I thought The Age of Adaline would contain several mini period pieces, focusing on Adaline’s doomed love affairs (and fabulous outfits) through the years—and there’s a little bit of that. But a full 80 percent of the film is concerned with contemporary Adaline, who lives alone with her dog (a descendent of her previous dogs), works at the Historical Society of San Francisco, and whose best friend is—wait for it—a blind lounge pianist who thinks Adaline (now going by Jenny) is a middle-aged cougar, just like she is.

A few things about Adaline: She has courtly manners, speaks many languages, and is even learning Braille (the film seems to confuse this with the gift of learning sign language; Adaline learning Braille is of no use to her best friend.) She’s also REALLY good at Trivial Pursuit.

Adaline is at a party when she meets handsome tech mogel Ellis Jones (Michiel Huisman), who pursues her, ardently, until she can no longer deny her feelings.

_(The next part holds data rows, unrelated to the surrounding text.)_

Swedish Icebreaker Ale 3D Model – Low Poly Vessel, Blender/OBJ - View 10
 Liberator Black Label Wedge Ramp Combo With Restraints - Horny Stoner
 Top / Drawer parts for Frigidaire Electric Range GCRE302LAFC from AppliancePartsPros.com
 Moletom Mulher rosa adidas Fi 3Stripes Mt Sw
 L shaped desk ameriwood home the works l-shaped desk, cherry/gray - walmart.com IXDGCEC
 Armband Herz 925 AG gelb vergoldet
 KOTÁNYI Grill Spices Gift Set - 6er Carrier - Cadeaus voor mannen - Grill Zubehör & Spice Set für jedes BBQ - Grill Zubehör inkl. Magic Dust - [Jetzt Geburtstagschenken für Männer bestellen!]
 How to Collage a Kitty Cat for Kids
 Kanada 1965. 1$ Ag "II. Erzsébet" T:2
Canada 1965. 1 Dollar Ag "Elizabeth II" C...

Then he takes her home to meet his parents—mom is played by Kathy Baker—and his father (an affecting Harrison Ford) takes one look at her and sputters, “Adaline?” Plot twist!

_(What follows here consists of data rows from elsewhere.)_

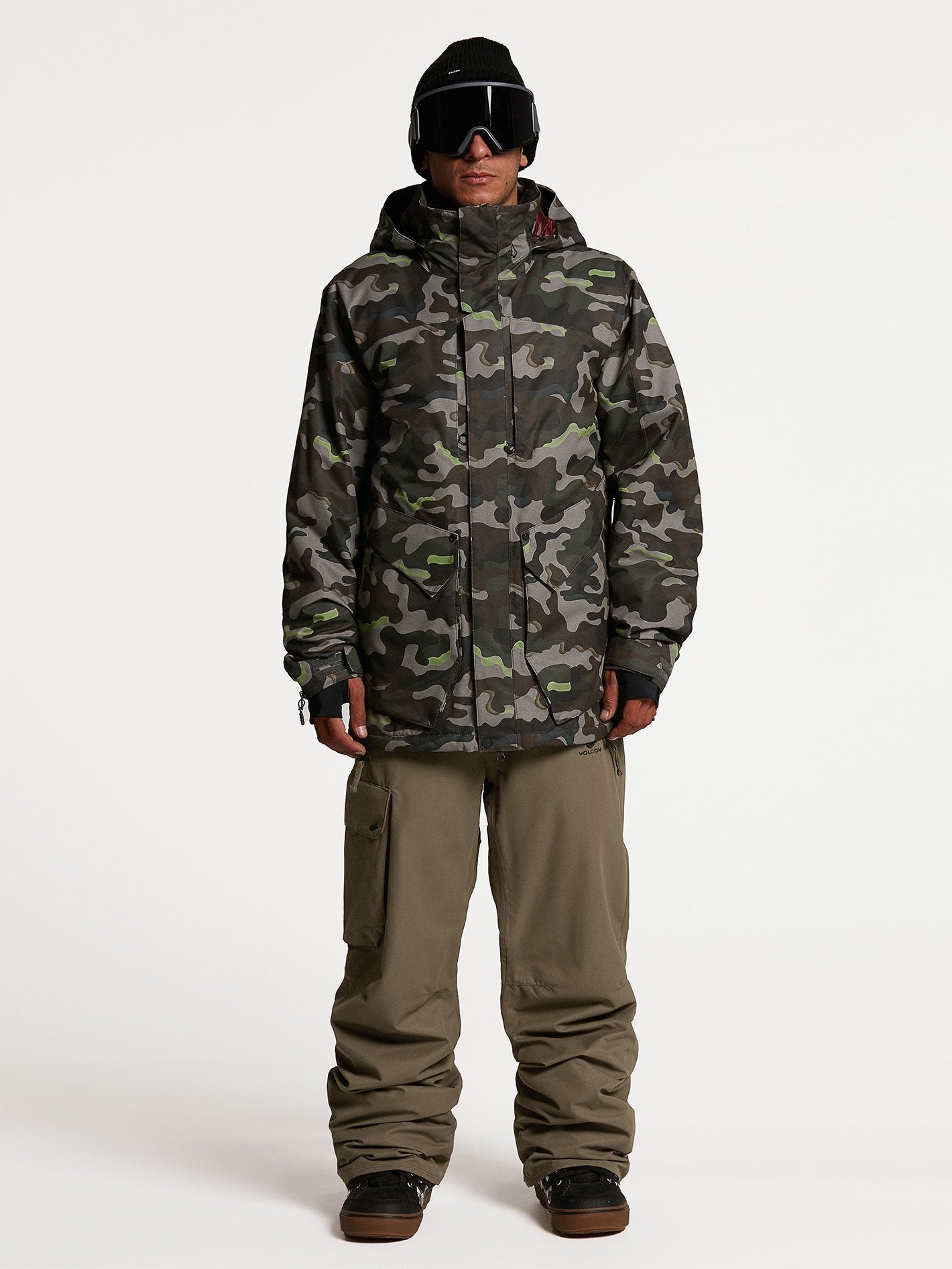 Anders 2L TDS Schneejacke - Army
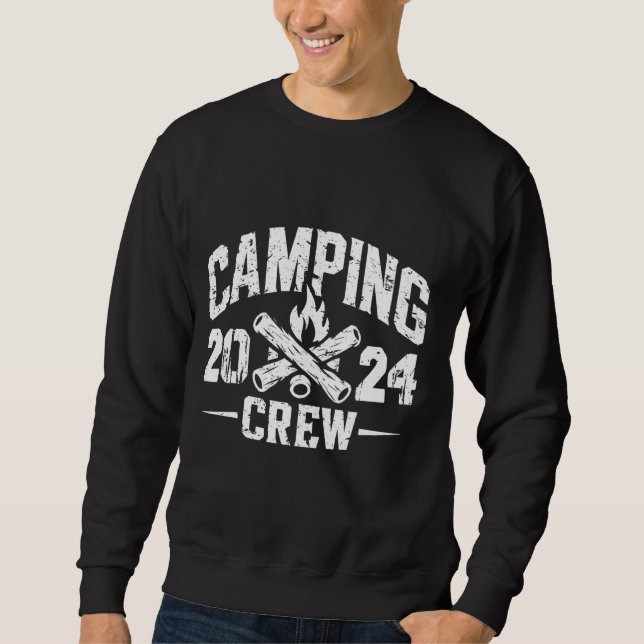 Camper Resa Family Matching Group Camping Crew 202 Lång Ärmad Tröja (Framsida)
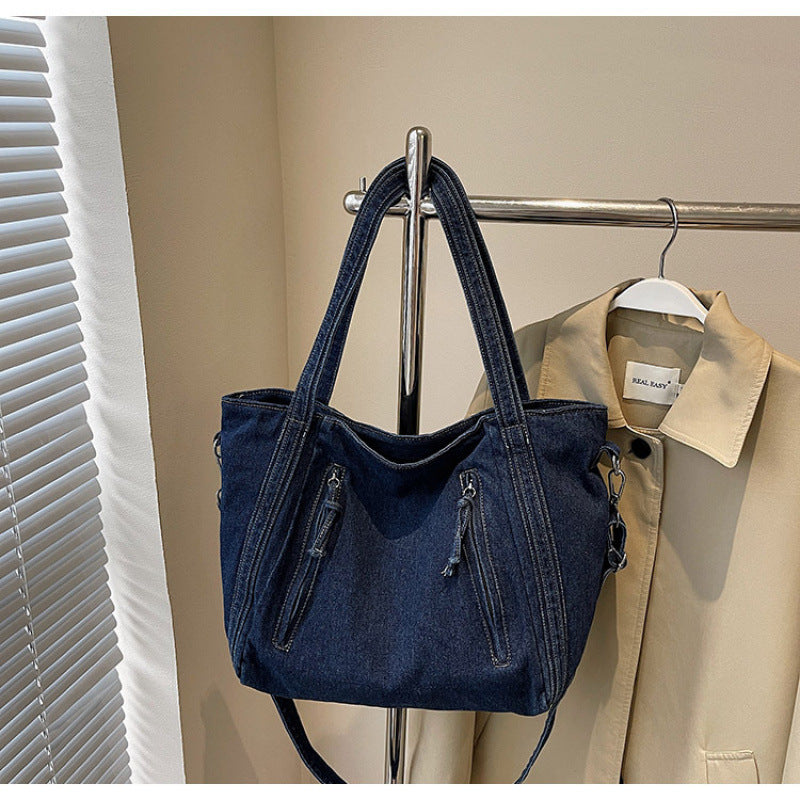 Women's Korean Style Large Capacity High Sense Idle Denim Retro Women's Shoulder Bag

As for Blake Lively…look, I understand why the producers cast her in this role—she’s lovely and has the greatest head of hair this side of Connie Britton—but she doesn’t exactly project old soul. Now maybe I’m unfairly pigeonholing her because of all those years on Gossip Girl and her trendy lifestyle blog Preserve. But she strikes me as very of-the-moment.

On the other hand . . . mmmm, Michiel Huisman. I’m not embarrassed to admit I’ve been crushing on him since his days on Treme (he can now be seen on both Game of Thrones and Orphan Black) and I think it’s wonderful that he’s starting to get leading man roles. The filmmakers agree—giving him the kind of entrance generally reserved for starlets and Leonardo DiCaprio in The Great Gatsby. When the camera first pans to Ellis, entering that party—wearing a tux, scanning the room smolderingly—my (mostly female) audience gasped.

The Age of Adaline is handsomely mounted and just corny enough to be enjoyable. It’s an old-fashioned romance, filled with beautiful, star-crossed lovers and that one genuinely interesting wrinkle about Ellis’s dad. Now if only Adaline had bitten someone’s neck they’d really be onto something.